Les 2 isotopes stables de l’hélium sur Terre: l’hélium-4, très majoritaire, et l’hélium-3

(1) Il fut le premier à identifier dans le pétrole un certain nombre de fractions intéressantes parmi lesquelles le gaz naturel, l’éther de pétrole, l’essence, le kérosène, le gazole et le bitume. L’essence, considérée à cette époque comme un produit peu utile, ne servait que de détachant. Mais tout cela changea avec l’invention (par G. Daimler et C. Benz) des moteurs à combustion interne fonctionnant avec de l’essence, voire avec du gazole (sous l’égide de R. Diesel, disparu tragiquement lors d’une traversée de la mer du Nord). Cette demande de plus en plus pressante de carburants pour automobiles se traduira d’ailleurs par la mise au point de diverses techniques de craquage et de reformage des fractions plus lourdes du pétrole afin d’augmenter les rendements en produits valorisants.

(2) «Rock Oil» (huile de roche) désigne en français le pétrole, qui lui-même dérive du latin médiéval «petroleum» (huile de pierre).

(3) Le premier dirigeable gonflé à l’hélium fut le C-7 de la marine américaine, inauguré en 1921. Quant au LZ-129 Hindenburg, construit par la firme allemande Zeppelin pour assurer le transport transatlantique de passagers et dont la sustentation avait dû (en raison de l’embargo militaire des Américains) être assurée par de l’hydrogène au lieu d’hélium, il explosa le 6 mai 1937 lors de son atterrissage à Lakehurst dans le New Jersey.

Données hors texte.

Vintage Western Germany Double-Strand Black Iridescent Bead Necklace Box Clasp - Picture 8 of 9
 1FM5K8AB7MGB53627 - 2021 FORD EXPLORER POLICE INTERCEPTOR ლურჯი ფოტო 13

Ceci mit fin à ce moyen de déplacement.

(4) Lorsqu’on refroidit l’hélium-4, dont le noyau contient 2 protons et 2 neutrons, à très basse température (en dessous de 2,17 kelvins), ce liquide, plutôt que de se solidifier, subit une transition de phase et devient superfluide. Dénué de toute viscosité, il n’oppose alors plus aucune résistance à l’écoulement. De ce fait, lorsqu’on le place dans un récipient ouvert, on constate qu’il s’en échappe en remontant la paroi interne dudit récipient. L’hélium est la seule substance connue à ce jour capable d’exister sous 2 phases liquides différentes.